Q.15 Who designed your book cover? How do you select him/her?
A. Robert Williams
is the artist I hired to design the book cover. I designed the Freewilds logo and did some of the placement of different elements myself, but Robert is the one who created the background image of the book’s hero standing in silhouette, looking out across the Freewilds. 

I found Robert, as well as my Developmental Editor and my Copy Editor/Proofreader on I chose Robert because I saw something special in the samples he shared of his previous work.
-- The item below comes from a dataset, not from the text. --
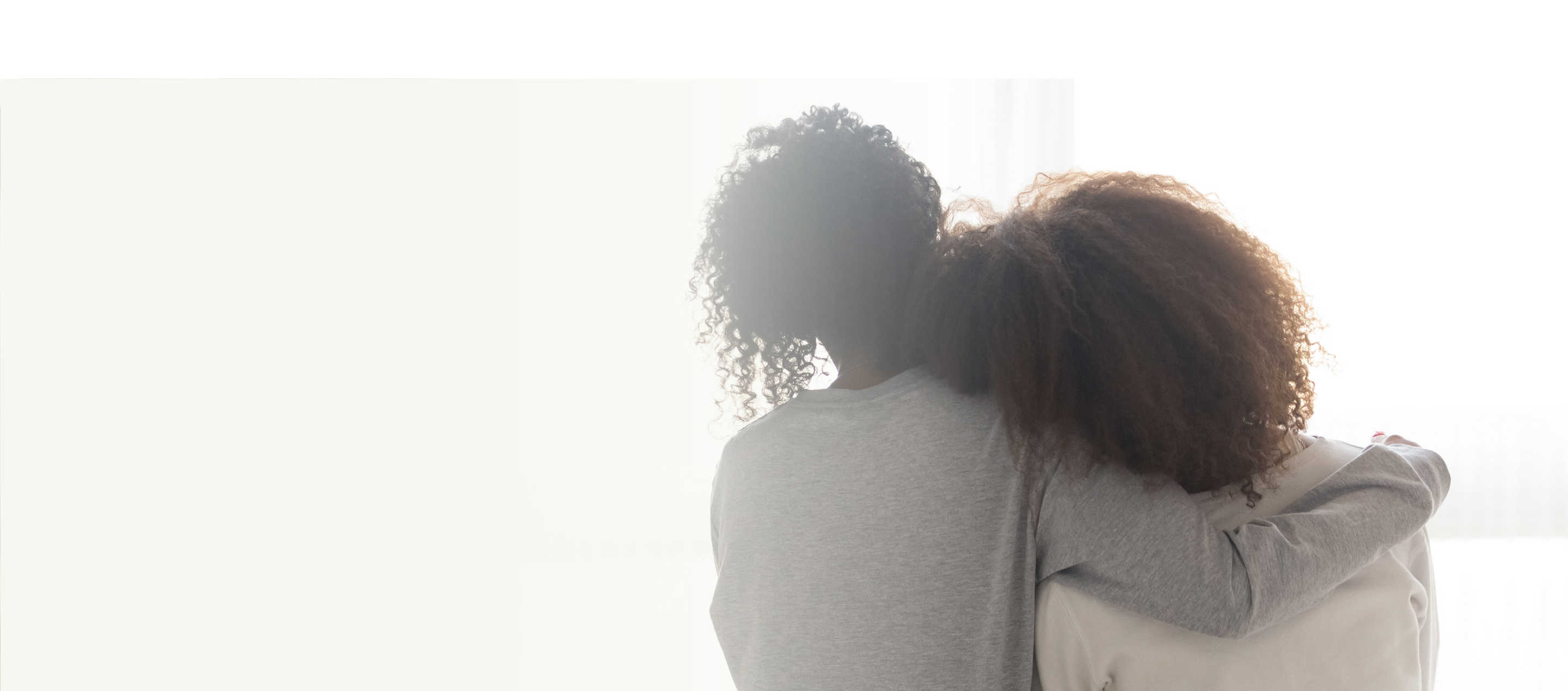 Caregiver hero, image of two women with their backs to the camera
Q.16 How do you select the name of your characters?
I like to choose names that fit the setting of the novel. The Freewilds exists in an original dark fantasy setting. There are parallels with our own world, specifically southern Europe and northern Africa during the early middle ages, but for the most part, I wanted characters’ names to exude a feeling that they were denizens of their own world, not ours. That said, the naming conventions of each region of their world do coincide, at least in part, with different nations in our own world.

Q.17 Do you read your book reviews? How do you deal with good or bad ones?
Thus far, I have not received many reviews of my book, and the few I have received have been positive. I will read them all, however, good or bad. I would be lying if I didn’t admit that I dread the bad ones.
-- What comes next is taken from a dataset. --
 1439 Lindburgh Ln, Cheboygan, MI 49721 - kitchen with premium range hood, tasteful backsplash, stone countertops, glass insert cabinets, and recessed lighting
Q.18 Which famous person, living or dead would you like to meet and why?
A. There are a few, but it is more about what one does with their fame that appeals to me, rather than the fame, itself. Gary Sinise, for example, seems like such a great person, inside and out. He is the kind of man I would like to shake hands with and thank for all the good things he has done with his fame. Keanu Reeves is another one. Those who let their fame become their defining trait miss the point of having it, I think. Denzel Washington… he’s another great one. Unafraid to be honest. Unafraid to be a person and remember who he is.

Q.19 What is your favorite book from other authors and why?
A. Wizard and Glass
by Stephen King. A part of the Dark Tower series, Wizard and Glass change the pace and tone of the series by focusing on the heartbreaking backstory of Roland Deschain of Gilead. Read on its own, it is one of the best books Stephen King has ever written, in my opinion. It brings to the Dark Tower series some of the sentimentality and emotional weight of works like Rita Heyworth and Shawshank Redemption or The Green Mile.
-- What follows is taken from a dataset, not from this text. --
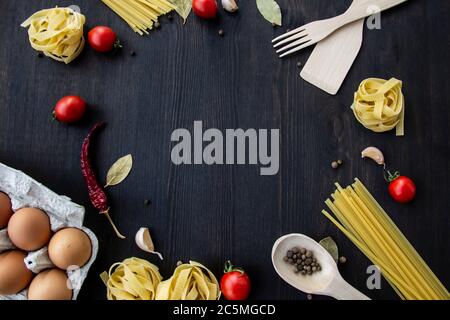 Kochen Lebensmittel Hintergrund mit freiem Platz für Text. Zusammensetzung mit Spaghetti, Tomaten, Eiern, Knoblauch, Lorbeerblatt über dem Holzhintergrund. Zutaten für Stockfoto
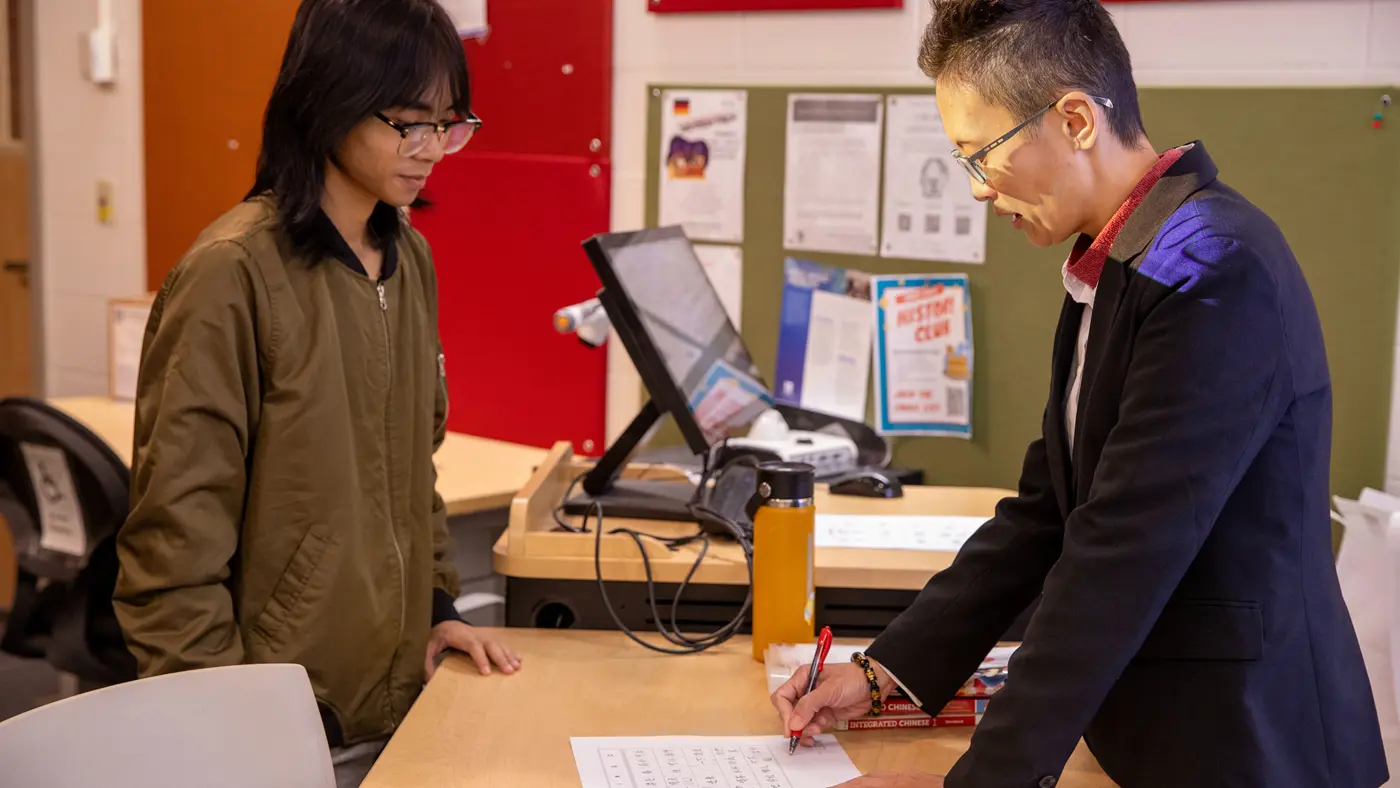 A student watches a professor write on a sheet of paper.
Q.20 Share the experience of your journey so far?
I cannot express how grateful I am to have had an opportunity to become a published author. It has been life-changing in all the best ways, and I am truly blessed to have been surrounded by so many supportive, encouraging people who believed in me even when it was impossible for me to believe in myself. This journey is only just beginning, for me, but so far it has far exceeded my expectations.